Friday, December 12, 2014

Home Stretch

Demo

Since my employer has an interest in Sensu and I have been doing my work within their network I had the opportunity to explain what I have worked on so far, how the environment is configured, and had a discussion on next steps and future planning. This project is one that will definitely continue after my course has completed next week, and has been a valuable learning experience. Here is a summary of what was covered in the demo:

What is Sensu: Sensu is a system monitoring solution designed for the cloud. Sensu is easily scaled and provides a simple web ui to visually 'connect the dots' with what is going on within the monitoring environments. One big advantage is, since it was designed for the cloud, clients automatically can check themselves in and add them to you monitoring. The Sensu project has come a long way and compared to other monitoring solutions like Nagios, does things better, but may be lacking in a few aspects. (This may just be to lack of knowledge on my part, or I may need to explore additional docs for what Sensu is capable of).

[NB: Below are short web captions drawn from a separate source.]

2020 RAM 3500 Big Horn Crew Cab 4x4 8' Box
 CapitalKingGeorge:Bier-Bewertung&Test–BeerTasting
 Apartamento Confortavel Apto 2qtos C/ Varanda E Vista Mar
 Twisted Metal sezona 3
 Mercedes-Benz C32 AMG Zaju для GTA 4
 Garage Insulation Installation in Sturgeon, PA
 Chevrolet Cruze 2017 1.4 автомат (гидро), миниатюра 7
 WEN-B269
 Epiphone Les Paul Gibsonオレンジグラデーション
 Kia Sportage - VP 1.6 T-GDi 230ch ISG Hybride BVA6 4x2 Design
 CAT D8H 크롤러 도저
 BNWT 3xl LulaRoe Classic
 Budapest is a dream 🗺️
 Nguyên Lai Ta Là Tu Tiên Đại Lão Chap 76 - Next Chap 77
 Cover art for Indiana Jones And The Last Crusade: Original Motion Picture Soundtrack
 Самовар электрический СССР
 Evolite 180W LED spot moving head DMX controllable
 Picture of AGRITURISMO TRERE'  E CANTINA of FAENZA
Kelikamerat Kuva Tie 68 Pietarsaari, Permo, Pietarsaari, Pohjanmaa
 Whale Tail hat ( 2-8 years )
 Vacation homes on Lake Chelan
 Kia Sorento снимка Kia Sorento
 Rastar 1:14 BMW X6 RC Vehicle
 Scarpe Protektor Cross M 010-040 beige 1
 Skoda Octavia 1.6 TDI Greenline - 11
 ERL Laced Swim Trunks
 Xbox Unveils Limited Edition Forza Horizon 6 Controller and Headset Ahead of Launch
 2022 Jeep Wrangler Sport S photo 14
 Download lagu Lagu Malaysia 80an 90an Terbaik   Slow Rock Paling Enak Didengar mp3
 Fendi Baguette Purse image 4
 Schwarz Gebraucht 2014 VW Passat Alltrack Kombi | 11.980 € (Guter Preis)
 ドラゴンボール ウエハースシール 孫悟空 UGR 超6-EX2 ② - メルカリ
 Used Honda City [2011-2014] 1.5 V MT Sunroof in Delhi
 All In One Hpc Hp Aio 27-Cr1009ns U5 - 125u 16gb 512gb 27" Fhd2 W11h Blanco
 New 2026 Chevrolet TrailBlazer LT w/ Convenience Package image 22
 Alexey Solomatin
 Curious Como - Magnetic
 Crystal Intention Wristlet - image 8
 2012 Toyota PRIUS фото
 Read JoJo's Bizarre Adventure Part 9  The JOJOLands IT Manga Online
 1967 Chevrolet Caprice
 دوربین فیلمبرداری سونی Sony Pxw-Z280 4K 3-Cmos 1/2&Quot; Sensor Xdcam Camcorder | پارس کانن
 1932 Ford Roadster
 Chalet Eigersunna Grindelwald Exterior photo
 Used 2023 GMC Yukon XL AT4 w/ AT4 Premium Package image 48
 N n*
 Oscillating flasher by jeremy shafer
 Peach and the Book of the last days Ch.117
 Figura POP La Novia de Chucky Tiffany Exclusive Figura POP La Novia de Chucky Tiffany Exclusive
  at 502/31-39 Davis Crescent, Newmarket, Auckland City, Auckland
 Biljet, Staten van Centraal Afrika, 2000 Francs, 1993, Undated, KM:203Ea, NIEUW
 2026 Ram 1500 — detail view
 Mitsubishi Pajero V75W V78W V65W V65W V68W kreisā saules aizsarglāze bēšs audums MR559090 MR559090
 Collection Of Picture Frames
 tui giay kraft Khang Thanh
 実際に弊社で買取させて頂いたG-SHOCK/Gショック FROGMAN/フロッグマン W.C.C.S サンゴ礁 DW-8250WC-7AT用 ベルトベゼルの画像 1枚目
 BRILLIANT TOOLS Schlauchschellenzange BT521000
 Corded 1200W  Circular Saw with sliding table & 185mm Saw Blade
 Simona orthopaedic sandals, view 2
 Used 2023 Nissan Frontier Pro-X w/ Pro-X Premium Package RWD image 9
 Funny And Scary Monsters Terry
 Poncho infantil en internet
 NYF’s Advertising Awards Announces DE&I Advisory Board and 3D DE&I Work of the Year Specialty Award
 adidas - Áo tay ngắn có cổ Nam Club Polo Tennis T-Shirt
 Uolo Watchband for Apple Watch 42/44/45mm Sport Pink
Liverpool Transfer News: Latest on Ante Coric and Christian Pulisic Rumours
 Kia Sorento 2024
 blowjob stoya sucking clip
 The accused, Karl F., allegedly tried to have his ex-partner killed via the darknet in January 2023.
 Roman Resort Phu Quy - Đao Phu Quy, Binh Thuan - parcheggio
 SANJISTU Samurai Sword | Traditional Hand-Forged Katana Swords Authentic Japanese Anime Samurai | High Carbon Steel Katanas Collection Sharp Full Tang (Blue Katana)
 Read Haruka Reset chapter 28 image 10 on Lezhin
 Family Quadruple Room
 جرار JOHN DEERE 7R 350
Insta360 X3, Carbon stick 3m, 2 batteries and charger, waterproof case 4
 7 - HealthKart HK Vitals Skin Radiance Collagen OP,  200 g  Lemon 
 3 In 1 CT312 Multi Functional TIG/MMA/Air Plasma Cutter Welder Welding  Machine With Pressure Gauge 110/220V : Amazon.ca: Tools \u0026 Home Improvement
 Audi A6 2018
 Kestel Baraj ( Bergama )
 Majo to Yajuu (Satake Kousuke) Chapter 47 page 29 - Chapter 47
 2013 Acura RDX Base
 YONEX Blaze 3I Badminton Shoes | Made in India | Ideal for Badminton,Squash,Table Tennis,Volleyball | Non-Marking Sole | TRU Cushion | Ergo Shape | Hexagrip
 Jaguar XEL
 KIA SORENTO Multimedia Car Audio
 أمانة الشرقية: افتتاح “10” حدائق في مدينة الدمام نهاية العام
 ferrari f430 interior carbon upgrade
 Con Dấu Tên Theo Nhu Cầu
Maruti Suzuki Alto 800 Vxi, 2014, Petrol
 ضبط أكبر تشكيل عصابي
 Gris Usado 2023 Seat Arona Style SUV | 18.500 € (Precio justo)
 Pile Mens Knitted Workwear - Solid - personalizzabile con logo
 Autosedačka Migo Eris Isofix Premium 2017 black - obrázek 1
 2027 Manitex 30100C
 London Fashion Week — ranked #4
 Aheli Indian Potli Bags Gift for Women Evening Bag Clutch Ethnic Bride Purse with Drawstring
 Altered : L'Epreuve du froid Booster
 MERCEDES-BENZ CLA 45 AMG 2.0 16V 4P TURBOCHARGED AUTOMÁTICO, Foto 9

How is Sensu set up: The Sensu environment I have set up is an 8 machine environment that includes: 3 Sensu servers (which also run Sensu API and Uchiwa dashboard), 2 RabittMQ servers, and 3 Redis.
Currently Sensu is setup in a centralized fashion with directly connected clients. What this means is that the clients run checks locally (standalone checks) and publish results up to RMQ and are then picked up by Sensu which handles notification routing. The check data is also stored in Redis and the dashboard (Uchiwa) is updated through the Sensu API. Setting up Sensu in this fashion prevents arbitrary and potentially malicious checks to be run due to a system breach., and it also decreases infrastructure complexity.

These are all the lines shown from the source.